« This Is Us » raconte, de la naissance à l’âge adulte, l’itinéraire de trois frères et sœur, mais aussi la vie de leurs parents avant leur venue au monde, dans une arborescence romanesque aussi gracieuse que complexe. Discussion avec Ken Olin, l’un de ses coproducteurs.
« La vie est faite de morceaux qui ne se joignent pas.” Depuis qu’elle a été prononcée dans Les Deux Anglaises et le Continent (1971) de François Truffaut, l’un des plus beaux films français, on connaissait la puissance mélodramatique de cette phrase. Nos puzzles intimes ne lui disent peut-être pas merci, mais elle reste ancrée comme un Post-it décisif, un rappel de la boussole complexe du destin que sont capables d’agiter les aventures fictionnelles les plus romanesques. Aujourd’hui, c’est une série qui éprouve la matière et la réalité de cette phrase, sans vraiment le savoir, simplement par la force d’une idée : l’idée que le temps est un personnage comme un autre, aussi palpable et physique qu’un homme ou une femme désirants. Comment, alors, ne pas lui donner un morceau de nous ?

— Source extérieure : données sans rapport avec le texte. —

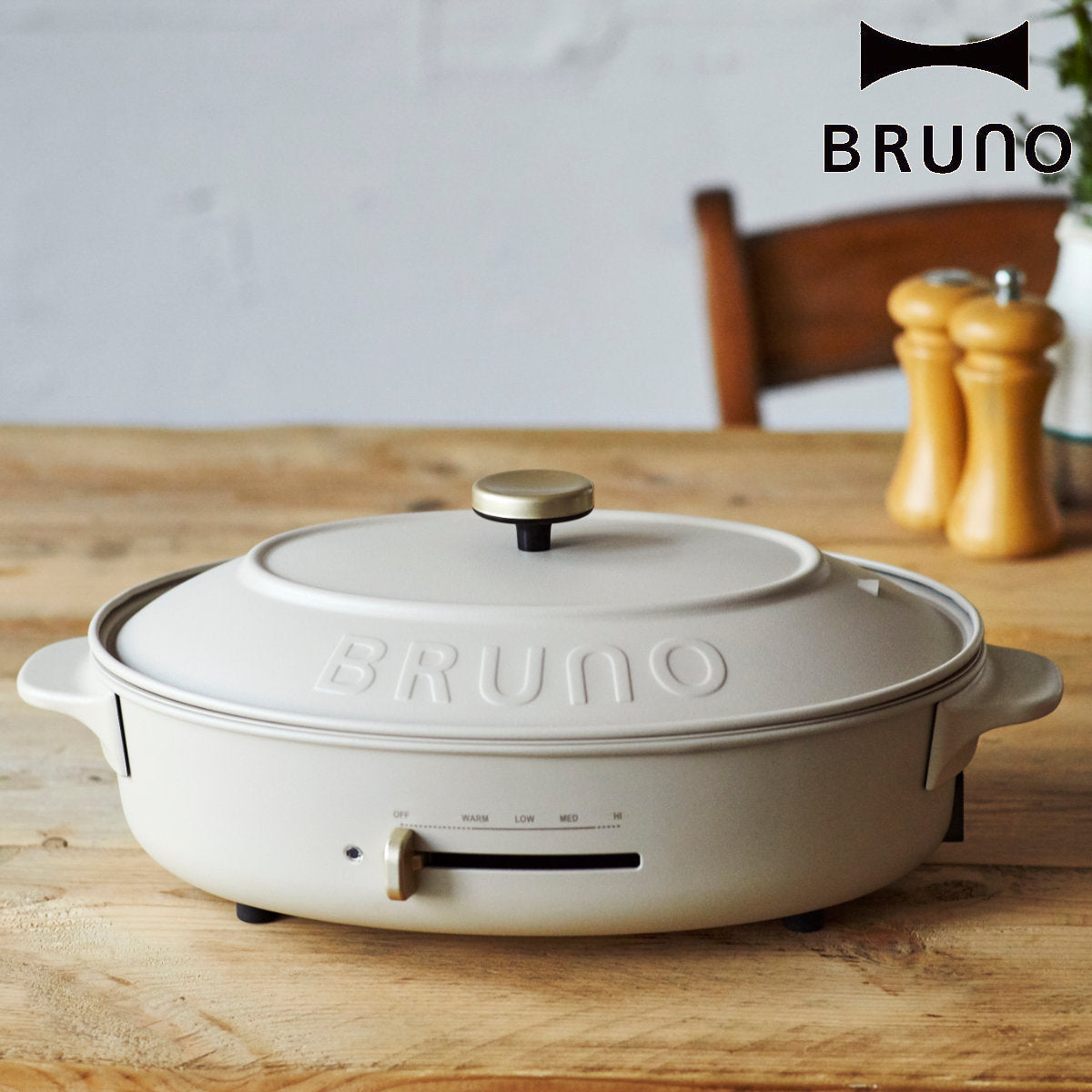 BRUNO オーバルホットプレート たこ焼きプレート付き 蓋付き crassy+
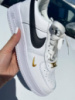 Женские кроссовки Nike Air Force белые,натуральная кожа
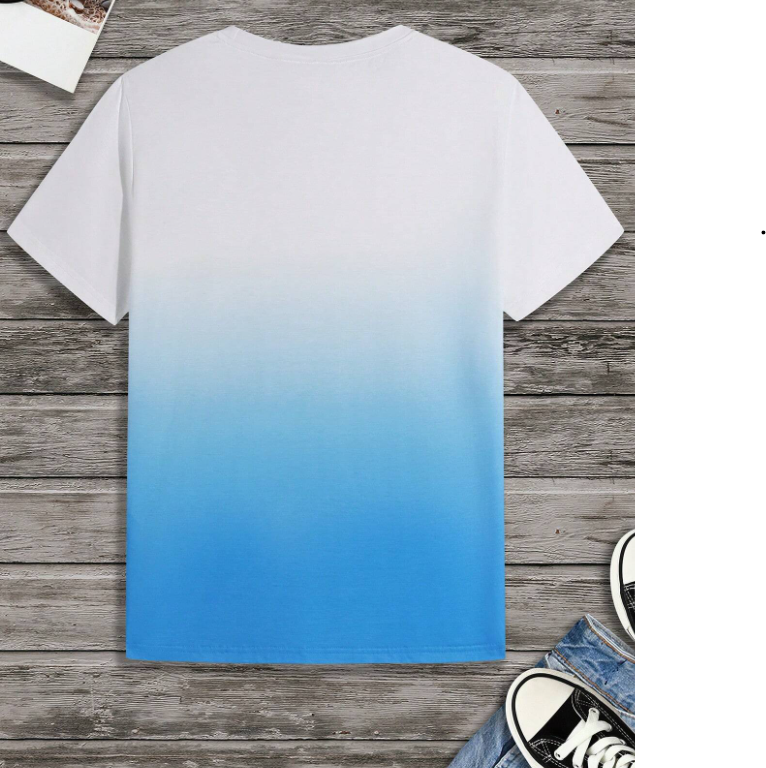 Camiseta informal de manga corta con cuello redondo para hombre con estampado de palmeras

{"type":"Pave-Haut2-Desktop"}
This Is Us est le carton de l’année aux Etats-Unis, où elle a terminé sa saison inaugurale il y a quelques semaines avec une place de leader sur les grandes chaînes populaires. A priori, ce n’est pas (ce n’est plus) un gage rassurant, à l’heure où la créativité se niche en majorité dans les séries du câble tandis que le reste du paysage – celui des fictions qui doivent parler à tout le monde ou presque – se questionne chaque jour sur son utilité. Voici un miracle, donc.
Ceux qui ne l’ont pas encore approché, de près ou de loin, doivent s’y plonger sans avoir lu les spoilers qui arrivent – ou bien ce sera à leurs risques et périls. Même si elle représente un modèle unique aujourd’hui, This Is Us pourrait ressembler à d’autres drames Kleenex produits par la télévision américaine à la pelle depuis des décennies. Mais en racontant l’histoire d’une famille, les Pearson, des années 1970 à nos jours, durant plusieurs époques habilement chevauchées (un twist révélé à la fin du pilote), elle atteint une autre dimension.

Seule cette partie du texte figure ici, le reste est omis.